Stocks resume rally
By Amy Baldwin
Associated Press
NEW YORK >> A late-day wave of momentum buying put Wall Street back on an upward path yesterday, giving stocks a moderate advance despite an absence of major earnings or economic news.
Most of the market's gains came in the final hour. Stocks retraced ground lost earlier in the session when Federal Reserve Chairman Alan Greenspan warned that natural gas prices would be higher for an extended period.
"Today just seems like a pause till we figure out if the market is ready to resume its advance or if we are going to keep paying for what happened last week," when stocks enjoyed huge rallies, said Brian Pears, head equity trader at Victory Capital Management in Cleveland.
Advancing issues outnumbered decliners 5 to 2 on the New York Stock Exchange. Consolidated volume was a light 1.675 billion shares, below Monday's already thin 1.68 billion.
The Dow ended a lightly traded session up 74.89, or 0.8 percent, at 9,054.89, wiping out much of Monday's 82.79-point loss.

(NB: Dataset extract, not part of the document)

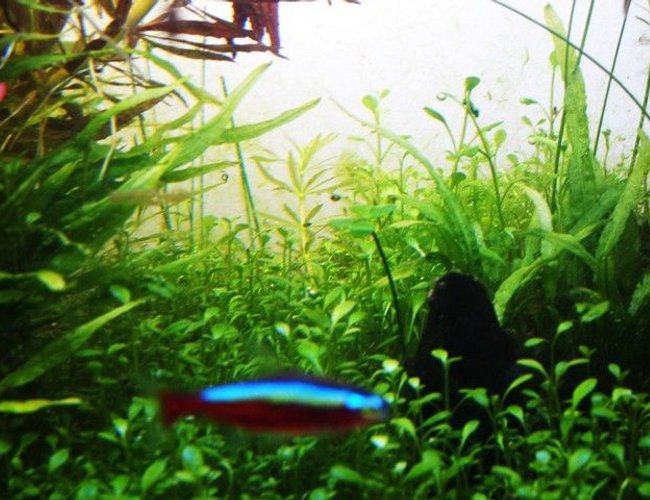 freshwater fish - paracheirodon axelrodi - cardinal tetra stocking in 30 gallons tank - four leaf clover freshwater fish - paracheirodon axelrodi - cardinal tetra stocking in 30 gallons tank - four leaf clover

The broader market also moved higher. The Nasdaq rose 23.70, or 1.5 percent, to 1,627.67. The S&P advanced 8.91, or 0.9 percent, to 984.84. The Russell 2000 index rose 6.17, or 1.4 percent, to 450.96.
The price of the Treasury's 10-year note closed up 23/32 point yesterday, while its yield fell to 3.19 percent from 3.28 percent Monday. Two-year Treasury notes were up 1/8 point and yielded 1.11 percent, down from 1.18 percent Monday.
Wall Street has rallied for three months, lifted by better-than-expected first-quarter profits, a quick end to the war in Iraq, a new tax cut package, and improving economic data.
Monday's sell-off represented the first time in three weeks, or since May 20, that all four market gauges declined.
Some analysts say that while the market's fundamentals are improving, it's still hard to explain those robust gains any other way than to say the stocks are simply moving on their own upward momentum.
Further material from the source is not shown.